WORK INSTRUCTIONS: Would you print the whole listing again, exactly?

★ ★ ★ ★ ★

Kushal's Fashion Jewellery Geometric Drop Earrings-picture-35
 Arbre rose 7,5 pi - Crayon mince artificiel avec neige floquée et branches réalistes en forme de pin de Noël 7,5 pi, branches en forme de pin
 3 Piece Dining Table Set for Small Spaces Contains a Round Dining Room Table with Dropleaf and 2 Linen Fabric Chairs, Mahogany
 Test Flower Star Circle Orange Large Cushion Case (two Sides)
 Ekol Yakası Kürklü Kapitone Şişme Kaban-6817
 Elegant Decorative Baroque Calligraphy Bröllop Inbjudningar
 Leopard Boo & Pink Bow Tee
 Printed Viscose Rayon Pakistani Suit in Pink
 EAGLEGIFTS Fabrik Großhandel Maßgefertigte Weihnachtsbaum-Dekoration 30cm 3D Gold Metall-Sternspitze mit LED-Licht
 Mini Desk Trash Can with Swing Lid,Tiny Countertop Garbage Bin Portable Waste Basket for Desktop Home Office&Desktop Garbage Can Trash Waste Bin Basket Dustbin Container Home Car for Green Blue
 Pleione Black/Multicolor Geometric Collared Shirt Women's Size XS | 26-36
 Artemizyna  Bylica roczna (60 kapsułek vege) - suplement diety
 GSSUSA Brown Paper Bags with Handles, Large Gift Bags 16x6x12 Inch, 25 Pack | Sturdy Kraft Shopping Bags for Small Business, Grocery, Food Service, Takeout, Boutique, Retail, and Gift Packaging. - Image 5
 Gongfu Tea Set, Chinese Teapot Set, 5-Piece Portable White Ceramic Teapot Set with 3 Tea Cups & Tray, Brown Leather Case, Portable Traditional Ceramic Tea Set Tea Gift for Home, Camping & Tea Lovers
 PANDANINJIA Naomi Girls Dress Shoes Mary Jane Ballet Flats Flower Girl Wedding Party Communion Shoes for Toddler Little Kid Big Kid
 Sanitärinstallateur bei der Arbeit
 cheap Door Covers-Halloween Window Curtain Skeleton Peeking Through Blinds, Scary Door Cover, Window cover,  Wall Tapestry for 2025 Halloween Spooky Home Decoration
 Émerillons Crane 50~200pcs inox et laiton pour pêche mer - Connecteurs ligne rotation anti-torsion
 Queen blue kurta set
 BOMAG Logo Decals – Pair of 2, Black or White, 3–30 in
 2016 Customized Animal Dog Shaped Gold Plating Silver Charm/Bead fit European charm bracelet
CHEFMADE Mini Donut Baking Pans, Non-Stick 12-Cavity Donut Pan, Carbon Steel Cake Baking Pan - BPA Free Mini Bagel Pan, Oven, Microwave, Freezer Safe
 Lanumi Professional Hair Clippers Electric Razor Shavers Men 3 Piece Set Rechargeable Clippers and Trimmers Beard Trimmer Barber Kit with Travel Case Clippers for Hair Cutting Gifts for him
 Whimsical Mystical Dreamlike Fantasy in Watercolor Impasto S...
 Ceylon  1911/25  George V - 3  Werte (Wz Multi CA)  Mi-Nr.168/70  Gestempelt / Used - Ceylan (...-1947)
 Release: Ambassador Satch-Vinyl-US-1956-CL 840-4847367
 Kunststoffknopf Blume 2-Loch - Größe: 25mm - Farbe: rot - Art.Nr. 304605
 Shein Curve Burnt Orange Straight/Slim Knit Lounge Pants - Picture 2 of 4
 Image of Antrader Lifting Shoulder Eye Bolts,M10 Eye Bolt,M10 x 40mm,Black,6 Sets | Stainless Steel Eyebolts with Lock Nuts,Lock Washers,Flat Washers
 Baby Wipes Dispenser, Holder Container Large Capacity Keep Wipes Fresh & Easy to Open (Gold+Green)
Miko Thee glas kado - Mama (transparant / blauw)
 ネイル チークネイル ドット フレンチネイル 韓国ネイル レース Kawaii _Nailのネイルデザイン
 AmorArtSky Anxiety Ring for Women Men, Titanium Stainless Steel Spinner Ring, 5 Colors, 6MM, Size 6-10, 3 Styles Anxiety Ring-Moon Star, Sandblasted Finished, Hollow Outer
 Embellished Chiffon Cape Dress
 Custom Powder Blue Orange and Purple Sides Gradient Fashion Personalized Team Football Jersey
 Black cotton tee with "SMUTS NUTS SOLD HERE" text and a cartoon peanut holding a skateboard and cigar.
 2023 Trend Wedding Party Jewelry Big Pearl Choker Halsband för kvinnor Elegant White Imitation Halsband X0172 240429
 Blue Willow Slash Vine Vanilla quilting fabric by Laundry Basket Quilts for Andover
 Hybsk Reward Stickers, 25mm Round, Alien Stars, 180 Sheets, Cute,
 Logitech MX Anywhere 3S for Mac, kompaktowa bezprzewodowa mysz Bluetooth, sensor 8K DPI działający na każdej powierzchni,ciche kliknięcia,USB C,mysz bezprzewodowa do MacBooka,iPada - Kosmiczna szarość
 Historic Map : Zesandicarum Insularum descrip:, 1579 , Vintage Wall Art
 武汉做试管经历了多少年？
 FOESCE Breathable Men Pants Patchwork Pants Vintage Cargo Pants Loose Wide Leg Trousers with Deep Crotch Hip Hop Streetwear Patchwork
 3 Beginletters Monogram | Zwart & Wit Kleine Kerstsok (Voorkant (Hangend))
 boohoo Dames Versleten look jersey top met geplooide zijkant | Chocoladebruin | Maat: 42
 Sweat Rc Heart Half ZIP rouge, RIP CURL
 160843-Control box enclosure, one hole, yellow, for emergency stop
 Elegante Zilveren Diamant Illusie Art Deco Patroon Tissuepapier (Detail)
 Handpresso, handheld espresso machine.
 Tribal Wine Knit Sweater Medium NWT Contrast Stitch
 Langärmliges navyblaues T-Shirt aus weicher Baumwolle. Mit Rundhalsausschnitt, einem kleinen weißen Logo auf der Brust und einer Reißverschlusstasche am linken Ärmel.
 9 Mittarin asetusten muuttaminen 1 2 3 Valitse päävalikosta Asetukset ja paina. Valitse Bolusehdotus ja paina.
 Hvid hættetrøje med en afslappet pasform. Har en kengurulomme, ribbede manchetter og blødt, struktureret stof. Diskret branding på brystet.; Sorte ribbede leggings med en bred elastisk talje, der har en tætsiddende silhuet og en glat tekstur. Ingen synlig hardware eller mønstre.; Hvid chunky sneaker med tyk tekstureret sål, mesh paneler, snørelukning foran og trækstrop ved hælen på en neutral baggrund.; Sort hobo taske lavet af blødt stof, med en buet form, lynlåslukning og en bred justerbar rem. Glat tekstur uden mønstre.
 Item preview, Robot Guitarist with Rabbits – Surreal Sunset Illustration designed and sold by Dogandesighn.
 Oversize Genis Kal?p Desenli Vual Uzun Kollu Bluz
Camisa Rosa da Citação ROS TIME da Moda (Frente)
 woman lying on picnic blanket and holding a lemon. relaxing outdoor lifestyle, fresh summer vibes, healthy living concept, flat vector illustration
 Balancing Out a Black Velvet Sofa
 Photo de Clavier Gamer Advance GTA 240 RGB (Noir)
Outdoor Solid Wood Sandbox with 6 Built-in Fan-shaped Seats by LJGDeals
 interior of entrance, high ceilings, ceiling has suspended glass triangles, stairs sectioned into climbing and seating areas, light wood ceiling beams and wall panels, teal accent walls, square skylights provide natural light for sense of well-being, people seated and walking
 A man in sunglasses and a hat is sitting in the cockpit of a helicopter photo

★ ★ ★ ★ ★

RESPONSE TO THE EXERCISE:
Kushal's Fashion Jewellery Geometric Drop Earrings-picture-35
 Arbre rose 7,5 pi - Crayon mince artificiel avec neige floquée et branches réalistes en forme de pin de Noël 7,5 pi, branches en forme de pin
 3 Piece Dining Table Set for Small Spaces Contains a Round Dining Room Table with Dropleaf and 2 Linen Fabric Chairs, Mahogany
 Test Flower Star Circle Orange Large Cushion Case (two Sides)
 Ekol Yakası Kürklü Kapitone Şişme Kaban-6817
 Elegant Decorative Baroque Calligraphy Bröllop Inbjudningar
 Leopard Boo & Pink Bow Tee
 Printed Viscose Rayon Pakistani Suit in Pink
 EAGLEGIFTS Fabrik Großhandel Maßgefertigte Weihnachtsbaum-Dekoration 30cm 3D Gold Metall-Sternspitze mit LED-Licht
 Mini Desk Trash Can with Swing Lid,Tiny Countertop Garbage Bin Portable Waste Basket for Desktop Home Office&Desktop Garbage Can Trash Waste Bin Basket Dustbin Container Home Car for Green Blue
 Pleione Black/Multicolor Geometric Collared Shirt Women's Size XS | 26-36
 Artemizyna  Bylica roczna (60 kapsułek vege) - suplement diety
 GSSUSA Brown Paper Bags with Handles, Large Gift Bags 16x6x12 Inch, 25 Pack | Sturdy Kraft Shopping Bags for Small Business, Grocery, Food Service, Takeout, Boutique, Retail, and Gift Packaging. - Image 5
 Gongfu Tea Set, Chinese Teapot Set, 5-Piece Portable White Ceramic Teapot Set with 3 Tea Cups & Tray, Brown Leather Case, Portable Traditional Ceramic Tea Set Tea Gift for Home, Camping & Tea Lovers
 PANDANINJIA Naomi Girls Dress Shoes Mary Jane Ballet Flats Flower Girl Wedding Party Communion Shoes for Toddler Little Kid Big Kid
 Sanitärinstallateur bei der Arbeit
 cheap Door Covers-Halloween Window Curtain Skeleton Peeking Through Blinds, Scary Door Cover, Window cover,  Wall Tapestry for 2025 Halloween Spooky Home Decoration
 Émerillons Crane 50~200pcs inox et laiton pour pêche mer - Connecteurs ligne rotation anti-torsion
 Queen blue kurta set
 BOMAG Logo Decals – Pair of 2, Black or White, 3–30 in
 2016 Customized Animal Dog Shaped Gold Plating Silver Charm/Bead fit European charm bracelet
CHEFMADE Mini Donut Baking Pans, Non-Stick 12-Cavity Donut Pan, Carbon Steel Cake Baking Pan - BPA Free Mini Bagel Pan, Oven, Microwave, Freezer Safe
 Lanumi Professional Hair Clippers Electric Razor Shavers Men 3 Piece Set Rechargeable Clippers and Trimmers Beard Trimmer Barber Kit with Travel Case Clippers for Hair Cutting Gifts for him
 Whimsical Mystical Dreamlike Fantasy in Watercolor Impasto S...
 Ceylon  1911/25  George V - 3  Werte (Wz Multi CA)  Mi-Nr.168/70  Gestempelt / Used - Ceylan (...-1947)
 Release: Ambassador Satch-Vinyl-US-1956-CL 840-4847367
 Kunststoffknopf Blume 2-Loch - Größe: 25mm - Farbe: rot - Art.Nr. 304605
 Shein Curve Burnt Orange Straight/Slim Knit Lounge Pants - Picture 2 of 4
 Image of Antrader Lifting Shoulder Eye Bolts,M10 Eye Bolt,M10 x 40mm,Black,6 Sets | Stainless Steel Eyebolts with Lock Nuts,Lock Washers,Flat Washers
 Baby Wipes Dispenser, Holder Container Large Capacity Keep Wipes Fresh & Easy to Open (Gold+Green)
Miko Thee glas kado - Mama (transparant / blauw)
 ネイル チークネイル ドット フレンチネイル 韓国ネイル レース Kawaii _Nailのネイルデザイン
 AmorArtSky Anxiety Ring for Women Men, Titanium Stainless Steel Spinner Ring, 5 Colors, 6MM, Size 6-10, 3 Styles Anxiety Ring-Moon Star, Sandblasted Finished, Hollow Outer
 Embellished Chiffon Cape Dress
 Custom Powder Blue Orange and Purple Sides Gradient Fashion Personalized Team Football Jersey
 Black cotton tee with "SMUTS NUTS SOLD HERE" text and a cartoon peanut holding a skateboard and cigar.
 2023 Trend Wedding Party Jewelry Big Pearl Choker Halsband för kvinnor Elegant White Imitation Halsband X0172 240429
 Blue Willow Slash Vine Vanilla quilting fabric by Laundry Basket Quilts for Andover
 Hybsk Reward Stickers, 25mm Round, Alien Stars, 180 Sheets, Cute,
 Logitech MX Anywhere 3S for Mac, kompaktowa bezprzewodowa mysz Bluetooth, sensor 8K DPI działający na każdej powierzchni,ciche kliknięcia,USB C,mysz bezprzewodowa do MacBooka,iPada - Kosmiczna szarość
 Historic Map : Zesandicarum Insularum descrip:, 1579 , Vintage Wall Art
 武汉做试管经历了多少年？
 FOESCE Breathable Men Pants Patchwork Pants Vintage Cargo Pants Loose Wide Leg Trousers with Deep Crotch Hip Hop Streetwear Patchwork
 3 Beginletters Monogram | Zwart & Wit Kleine Kerstsok (Voorkant (Hangend))
 boohoo Dames Versleten look jersey top met geplooide zijkant | Chocoladebruin | Maat: 42
 Sweat Rc Heart Half ZIP rouge, RIP CURL
 160843-Control box enclosure, one hole, yellow, for emergency stop
 Elegante Zilveren Diamant Illusie Art Deco Patroon Tissuepapier (Detail)
 Handpresso, handheld espresso machine.
 Tribal Wine Knit Sweater Medium NWT Contrast Stitch
 Langärmliges navyblaues T-Shirt aus weicher Baumwolle. Mit Rundhalsausschnitt, einem kleinen weißen Logo auf der Brust und einer Reißverschlusstasche am linken Ärmel.
 9 Mittarin asetusten muuttaminen 1 2 3 Valitse päävalikosta Asetukset ja paina. Valitse Bolusehdotus ja paina.
 Hvid hættetrøje med en afslappet pasform. Har en kengurulomme, ribbede manchetter og blødt, struktureret stof. Diskret branding på brystet.; Sorte ribbede leggings med en bred elastisk talje, der har en tætsiddende silhuet og en glat tekstur. Ingen synlig hardware eller mønstre.; Hvid chunky sneaker med tyk tekstureret sål, mesh paneler, snørelukning foran og trækstrop ved hælen på en neutral baggrund.; Sort hobo taske lavet af blødt stof, med en buet form, lynlåslukning og en bred justerbar rem. Glat tekstur uden mønstre.
 Item preview, Robot Guitarist with Rabbits – Surreal Sunset Illustration designed and sold by Dogandesighn.
 Oversize Genis Kal?p Desenli Vual Uzun Kollu Bluz
Camisa Rosa da Citação ROS TIME da Moda (Frente)
 woman lying on picnic blanket and holding a lemon. relaxing outdoor lifestyle, fresh summer vibes, healthy living concept, flat vector illustration
 Balancing Out a Black Velvet Sofa
 Photo de Clavier Gamer Advance GTA 240 RGB (Noir)
Outdoor Solid Wood Sandbox with 6 Built-in Fan-shaped Seats by LJGDeals
 interior of entrance, high ceilings, ceiling has suspended glass triangles, stairs sectioned into climbing and seating areas, light wood ceiling beams and wall panels, teal accent walls, square skylights provide natural light for sense of well-being, people seated and walking
 A man in sunglasses and a hat is sitting in the cockpit of a helicopter photo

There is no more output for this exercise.